### WHAT IS EXPECTED
The answer must consist only of the lines in the records below from the line with "Brown Kraft String" to the line with "Sage Green Blue Pillow", both included, copied word for word with every picture left out.

(GIVEN DATA)

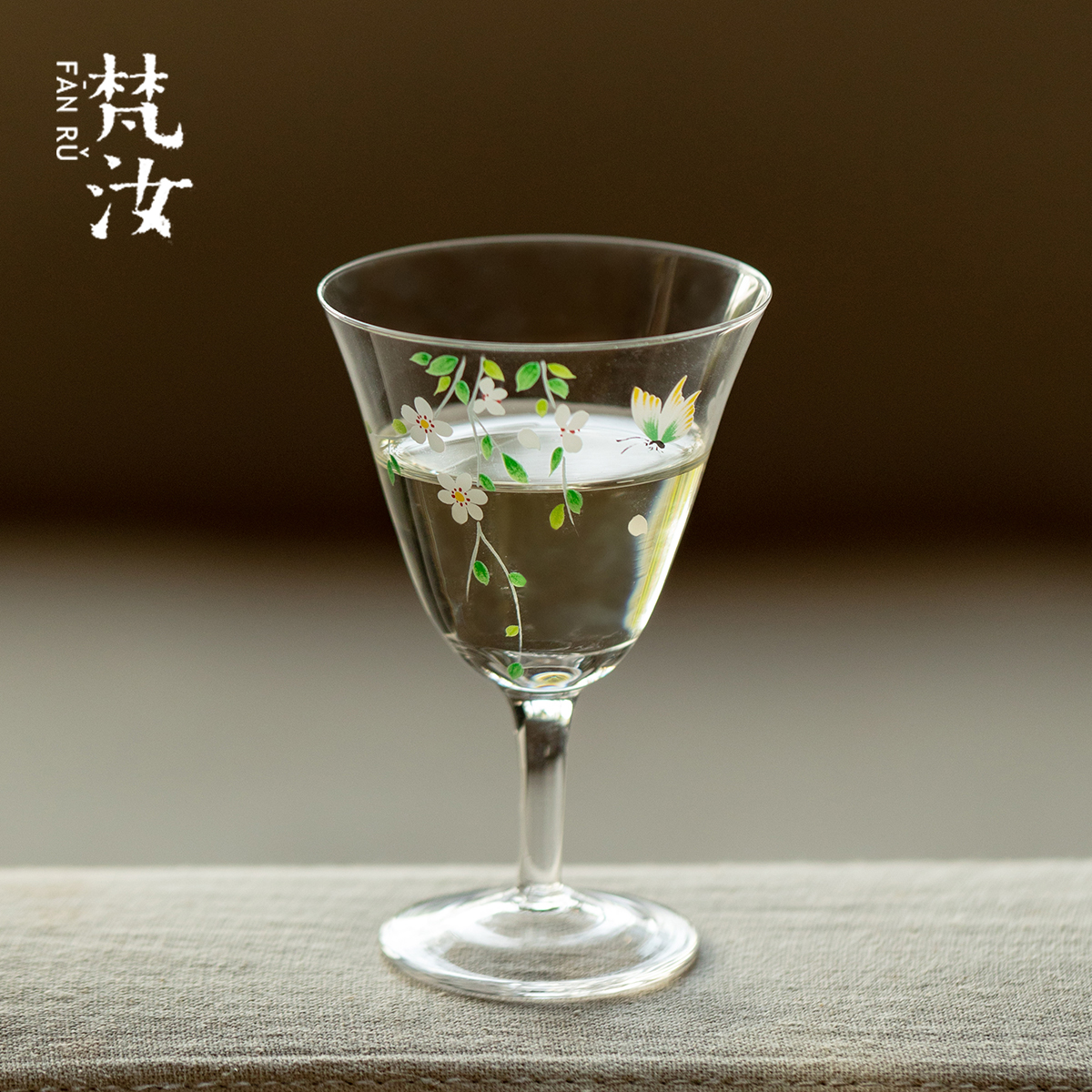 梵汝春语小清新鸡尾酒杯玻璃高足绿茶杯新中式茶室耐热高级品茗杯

(End GIVEN DATA)
(GIVEN DATA)

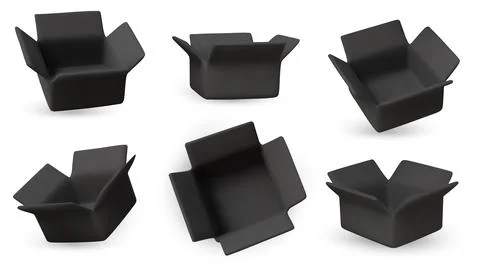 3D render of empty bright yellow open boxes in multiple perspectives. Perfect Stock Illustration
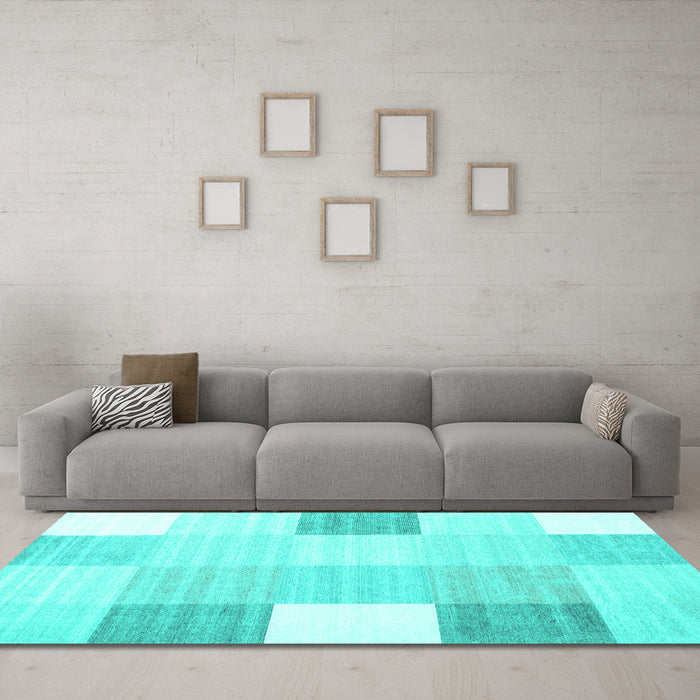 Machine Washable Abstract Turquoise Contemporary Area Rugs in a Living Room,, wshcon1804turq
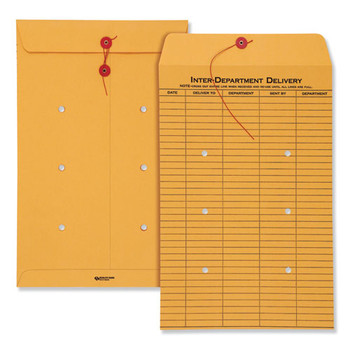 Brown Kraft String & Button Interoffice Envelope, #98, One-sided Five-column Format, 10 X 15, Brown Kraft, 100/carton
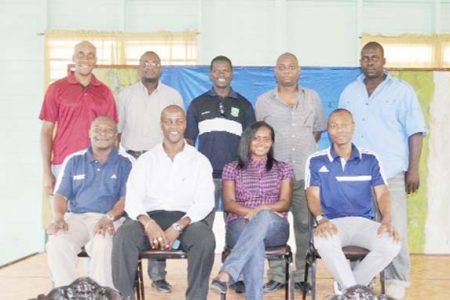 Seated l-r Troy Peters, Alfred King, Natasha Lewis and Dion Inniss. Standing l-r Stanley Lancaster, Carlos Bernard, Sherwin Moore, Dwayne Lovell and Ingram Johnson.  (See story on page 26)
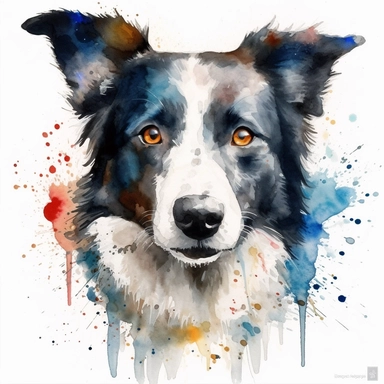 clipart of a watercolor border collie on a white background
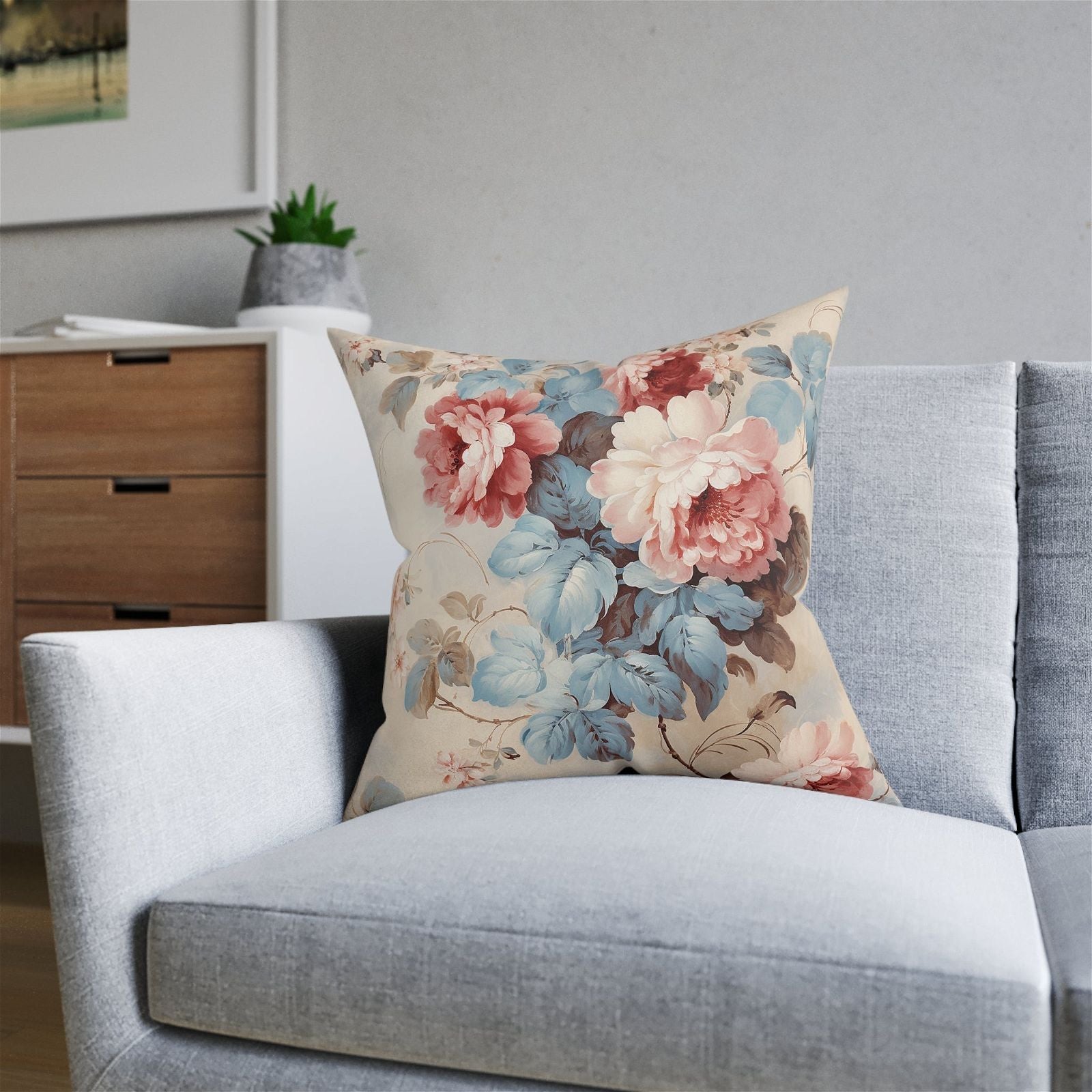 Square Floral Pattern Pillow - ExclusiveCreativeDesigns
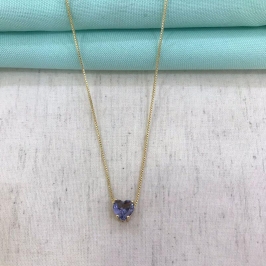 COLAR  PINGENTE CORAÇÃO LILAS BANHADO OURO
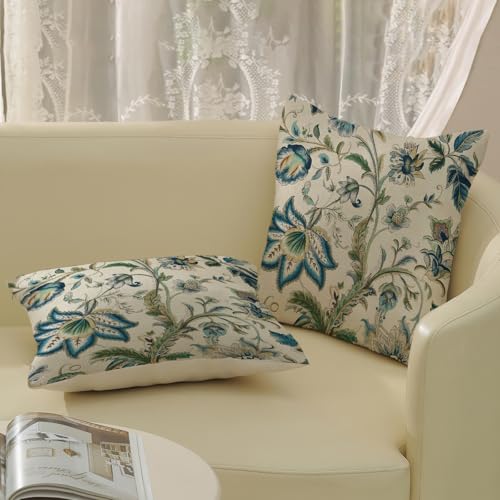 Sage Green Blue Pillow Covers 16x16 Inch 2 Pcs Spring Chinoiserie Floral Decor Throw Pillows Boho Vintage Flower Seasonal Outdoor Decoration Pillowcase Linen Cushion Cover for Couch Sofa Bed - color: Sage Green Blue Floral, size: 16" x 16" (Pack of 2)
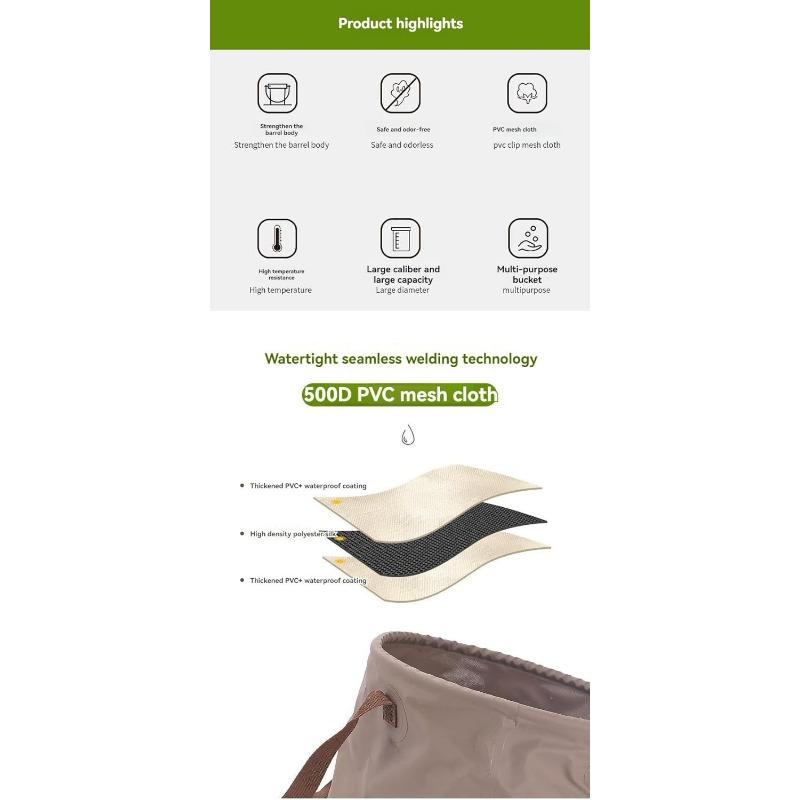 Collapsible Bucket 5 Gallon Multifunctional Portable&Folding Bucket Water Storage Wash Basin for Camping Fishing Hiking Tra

(End GIVEN DATA)

### ANSWER AREA
 Brown Kraft String & Button Interoffice Envelope, #98, One-sided Five-column Format, 10 X 15, Brown Kraft, 100/carton
 Seated l-r Troy Peters, Alfred King, Natasha Lewis and Dion Inniss. Standing l-r Stanley Lancaster, Carlos Bernard, Sherwin Moore, Dwayne Lovell and Ingram Johnson.  (See story on page 26)
 clipart of a watercolor border collie on a white background
 Square Floral Pattern Pillow - ExclusiveCreativeDesigns
 COLAR  PINGENTE CORAÇÃO LILAS BANHADO OURO
 Sage Green Blue Pillow Covers 16x16 Inch 2 Pcs Spring Chinoiserie Floral Decor Throw Pillows Boho Vintage Flower Seasonal Outdoor Decoration Pillowcase Linen Cushion Cover for Couch Sofa Bed - color: Sage Green Blue Floral, size: 16" x 16" (Pack of 2)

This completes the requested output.